Director: J.A. Bayona
Writers: Patrick Ness, Siobhan Dowd
Stars: Lewis MacDougall, Sigourney Weaver, Felicity Jones
Verdict: A joy
WARNING! WARNING! I WAS A LITTLE BIT HUNGOVER WHEN I WATCHED THIS MOVIE! I did it for Black Mountain Poets it’s only fair I give equal treatment.
A Monster Calls, is in a sense a modern fairytale, although it also has some other framed fairytales in it. The plot is this; Conor has problems, his mother has cancer, his Dad lives in America and his Grandmum, the only person left to care for Conor, has a lot of trouble expressing her emotions and being warm or well, motherly. He’s also bullied by kids that seem like Draco Malfoy but violent and actually mean instead of just an entitles prick. He then sees a monster of the title who says I will tell you three stories, at at the end you will tell me a fourth and it will be your truth.
I loved this film, I thought it was powerful, poignant, visuallly ravishing, and heartbreaking. It’s the type of film they don’t make anymore, a properly emotional family film. It’s score compose by Fernando Velázquez, (Crimson Peak, Mama), feels like it would be a good match for The Lion, the Witch and the Wardrobe or The Railway Children or Goodbye, Mr. Chips. I mean of course it’s British they all are, we have a really good taste for bittersweet melancholia I think. It’s set in the grim houseing blocks that seem lifted out of Scott & Bailey in which the best of those films took place, and like the best of those films, it sublimely blends heartbreaking and uplifting. I tell you right now, if my eyes weren’t already caked in hangover I would have shed buckets, I did shed a tear but I also chocked up in the way you do when you cry, many times, just without the actual waterworks coming. That being said, the actal message of the film is uplifting a hell, and one that is universal, and true, it really feels like it comes from a place of honesty.
The central performance of Connor from Lewis MacDougall, (Pan) is lovely. He does have hints of that sort of child performance where he’s really trying to act and it’s bleedingly obvious, but that’s rare and he really plays it with intensity and honesty that more often than not only comes from children. He also has this really angular and expressive face etched in child like innocence that beleis his potential for honest intensity.
It’s effects are breathtaking. While the more surreal incedents take place you can feel how they would really work on page but then that also means that it’s only more incredible how cinematic the sequences are. How well it’s translated cinematically. At the points when the giant is telling his stories it breaks into wonderful hand drawn animations and watercolours that are just astonishing and expressive and beautiful. The giant is also possitively terrifying, at least he would be to the target audience of this film, and he’s realised wonderfully not only visually but also his voice, which is done by Liam Neeson, (Schindler’s List, Taken). Lian Neeson is quickly joining the likes of Morgan Freeman, (The Shawshank Redemption, Se7en), and Lawrence Olivier, (Rebecca, Marathon Man), as actors with just extraordiarily cinematic voices. Gary Oldman can do it too but he only breaks it out for the really cool roles like Tinker Tailor Soldier Spy. The bass of Neeson’s voice may have been incresed in post but it’s still perfect casting.
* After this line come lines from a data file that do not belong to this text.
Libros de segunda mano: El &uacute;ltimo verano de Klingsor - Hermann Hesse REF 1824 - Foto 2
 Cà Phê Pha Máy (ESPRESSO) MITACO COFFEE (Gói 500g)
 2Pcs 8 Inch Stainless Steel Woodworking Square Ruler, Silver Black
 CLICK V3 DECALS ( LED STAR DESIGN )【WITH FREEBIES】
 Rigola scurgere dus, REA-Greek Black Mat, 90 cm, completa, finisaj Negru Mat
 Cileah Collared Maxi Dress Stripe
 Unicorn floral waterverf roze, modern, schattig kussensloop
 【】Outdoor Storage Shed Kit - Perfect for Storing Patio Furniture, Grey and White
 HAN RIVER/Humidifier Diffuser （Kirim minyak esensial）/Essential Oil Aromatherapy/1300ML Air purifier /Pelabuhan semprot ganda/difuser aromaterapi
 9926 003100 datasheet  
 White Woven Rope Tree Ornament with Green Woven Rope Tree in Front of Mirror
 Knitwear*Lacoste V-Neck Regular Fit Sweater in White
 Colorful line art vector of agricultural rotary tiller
The rest of the supporting performances are also on point. Toby Kebbel, (Dawn of the Planet of the Apes, Warcraft: The Beginning) is really good but not showy as the Dad who’s much better at the friend side of being a Dad than the Dad part of being a Dad. Sigourney Weaver, (Alien) can do an English accent; who knew? And Felicity Jones is actually really, really good as the Mum. I didn’t like her at all in Rogue One (I actually remember thinking she was allright in romance trash Like Crazy) but she really shows mature acting chops here.
This film was directed by J.A. Bayona who made The Orphanage, the Spanish version, which was produced by Guillermo del Toro, which incedentally my video game design friend who I’ve mentioned frequently on this blog, made a video essay of for his media A Level. I do think that this film owes something to some of del Toro’s work like Pan’s Labyrinth. They both explore the boundary between reality and imaginary fantasy and children escaping from worlds of crippling sadness and unhappiness into something fantastical but which is also in ways equally as threatening. I do think Pan’s Labyrinth may well be better, but I defintely enjoyed this more.
When I first saw the trailer for this I thought it looked like The BFG again beause well that film was in theatres but it’s so not. It might be a bit sad but it is also really happy don’t worry, it’s not misery porn. It’s really good, bring tissues.